- [REQUIREMENT] Each line from the one with "girl with baggy sweatshirt and messy bun" through the final line of the entries below must be printed exactly, and the pictures must not be.

- [DATA EXTRACTS]
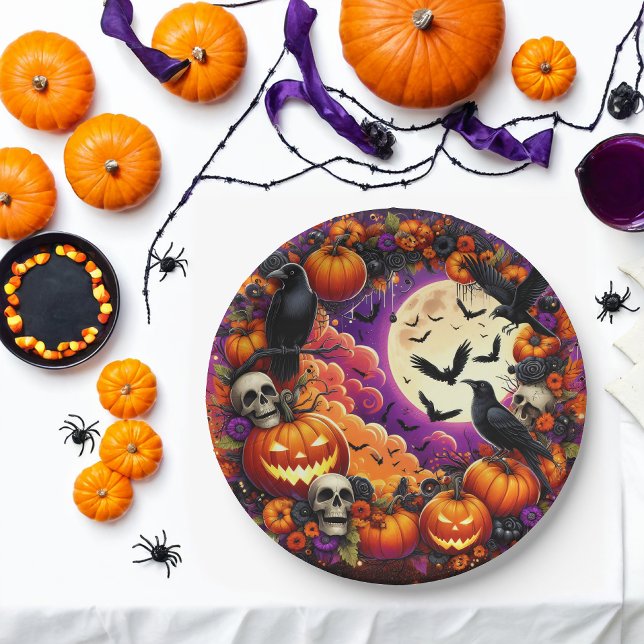 Halloween Party Plates: Spooky and Festive Design Paper Plate (Creator Uploaded)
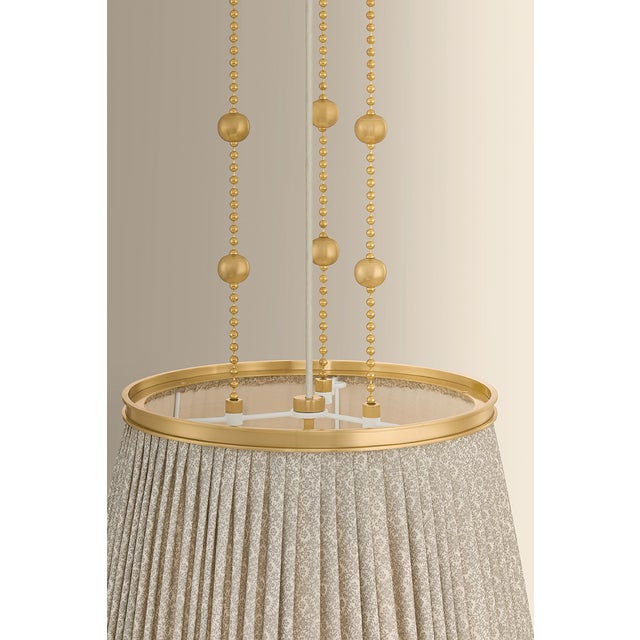Textile Hudson Valley Lighting Valeria 18 in. 1 Light Pendant in Aged Brass Finish For Sale - Image 7 of 8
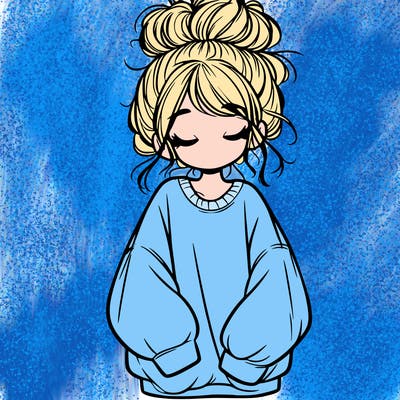 girl with baggy sweatshirt and messy bun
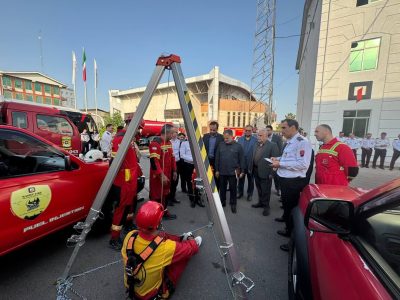 بازدید بازرس کل استان با همراهی شهردار رشت از امکانات و تجهیزات لجستیک سازمان آتش نشانی شهرداری رشت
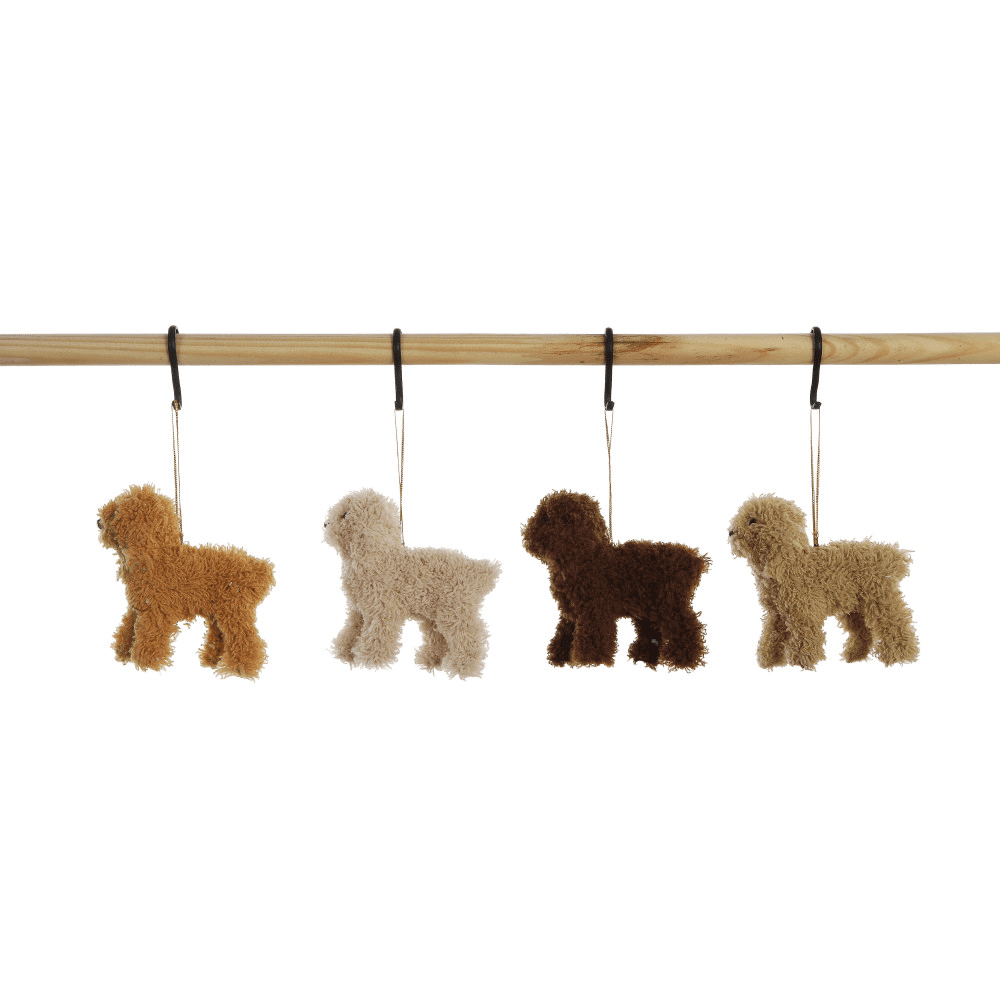 4-1/4L FURRY POODLE ORNAMENT, - CREATIVE COOP - Compralo en CorinneRegalos.com
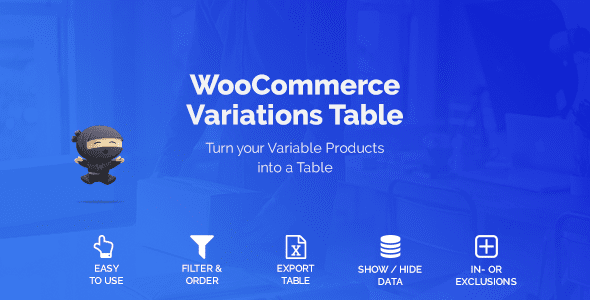 WooCommerce Variations Table – welaunch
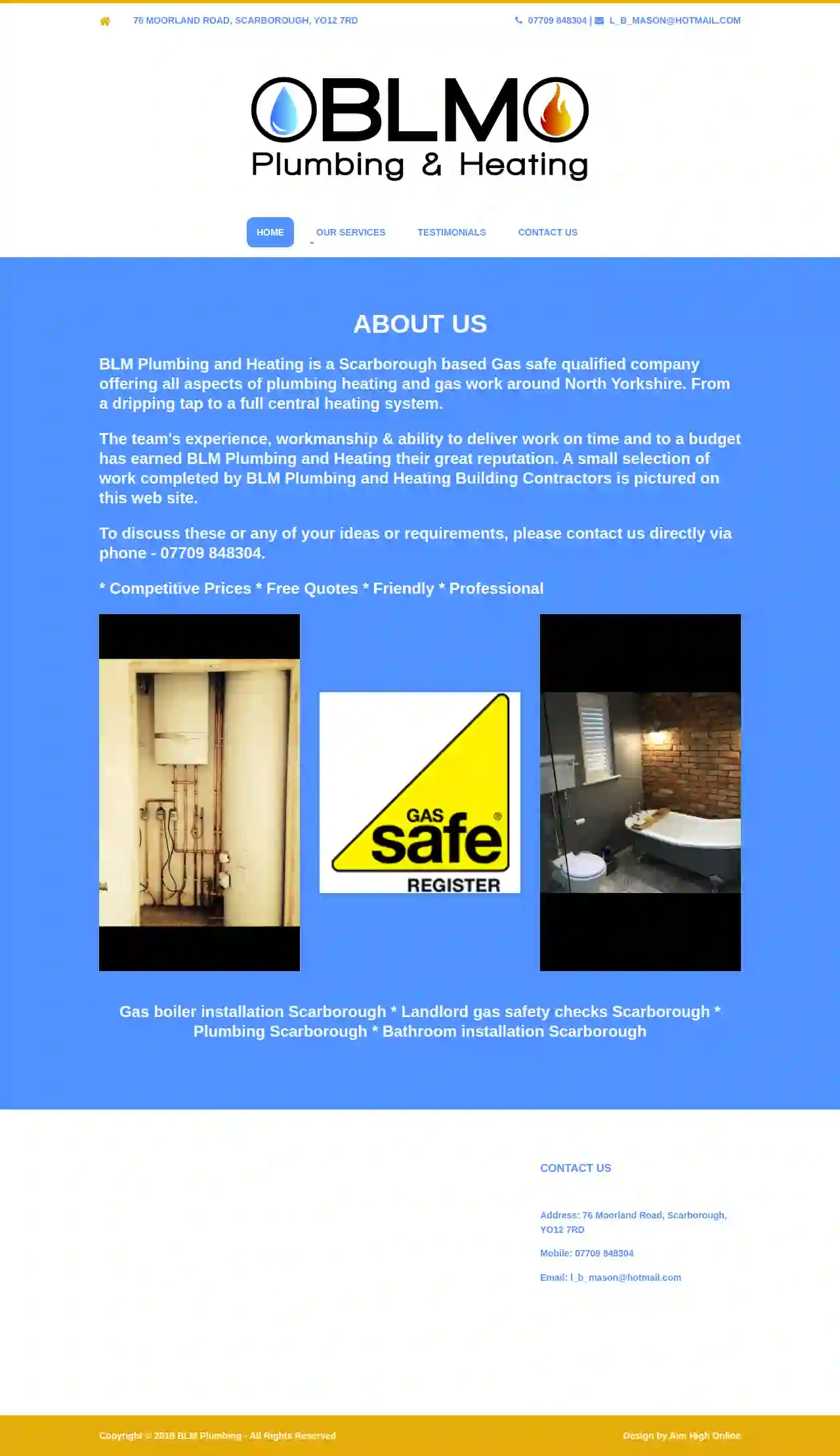 BLM Plumbing & Heating Ltd - Gas Boiler Installation / Landlord Gas Safety Checks Scarborough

- [ANSWER TO THE EXERCISE]
 girl with baggy sweatshirt and messy bun
 بازدید بازرس کل استان با همراهی شهردار رشت از امکانات و تجهیزات لجستیک سازمان آتش نشانی شهرداری رشت
 4-1/4L FURRY POODLE ORNAMENT, - CREATIVE COOP - Compralo en CorinneRegalos.com
 WooCommerce Variations Table – welaunch
 BLM Plumbing & Heating Ltd - Gas Boiler Installation / Landlord Gas Safety Checks Scarborough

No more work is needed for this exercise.